Fox Television Stations is in compliance with the rules governing ownership of multiple stations in the same
market and with the national station ownership cap established by Congress. In September 2013, the FCC
commenced a proceeding to consider elimination of the so-called “UHF discount” under which UHF stations are
attributed with only 50% of the television households in their markets for purposes of calculating compliance with
the national station ownership cap. If the FCC decides to eliminate the UHF discount it may affect the Company’s
ability to acquire television stations in additional markets. It is not possible to predict the timing or outcome of the
pending proceeding.
Fox Television Stations owns two television stations in the New York DMA. By virtue of its common
ownership with News Corp due to the Murdoch Family Trust’s ownership interest in both News Corp and the
Company, Fox Television Stations also retains an attributable interest in The New York Post, a daily newspaper in
the New York DMA. On October 6, 2006, the FCC reaffirmed the Company’s permanent waiver of the
newspaper/broadcast cross-ownership rule, which allows the common ownership of the Post and WNYW(TV), and
granted a two-year temporary waiver of the rule to continue to allow the common ownership of the Post and
WWOR-TV (the “October 2006 Order”). The Company has asked the FCC to extend the permanent waiver to
WWOR-TV. The temporary waiver remains in effect pursuant to FCC precedent pending FCC action on this
request. Parties opposed to the October 2006 Order filed a petition for reconsideration with the FCC, which was
denied on May 22, 2009. Other opponents of the October 2006 Order have asked the FCC to reconsider its May 22,
2009 decision and have filed an opposition to the Company’s request for a permanent waiver. It is not possible to
predict the timing or outcome of the FCC’s action on this request for reconsideration or its effect on the Company.

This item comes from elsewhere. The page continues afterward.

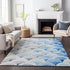 9' X 12' Blue Ivory And Gray Geometric Washable Area Rug With UV Protection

In addition, as a result of these rules, the Company’s future conduct, including the acquisition of any broadcast
networks, or stations or any newspapers, in the same local markets in which News Corp owns or operates
newspapers or has acquired television stations, may affect News Corp’s ability to own and operate its newspapers or
any television stations it acquires or otherwise comply with the rules. Therefore, the Company and News Corp
agreed in the Separation and Distribution Agreement that if the Company acquires, after the Separation, newspapers,
radio or television broadcast stations or television broadcast networks in the U.S. and such acquisition would impede
or be reasonably likely to impede News Corp’s business, then the Company will be required to take certain actions,
including divesting assets, in order to permit News Corp to hold its media interests and to comply with such rules.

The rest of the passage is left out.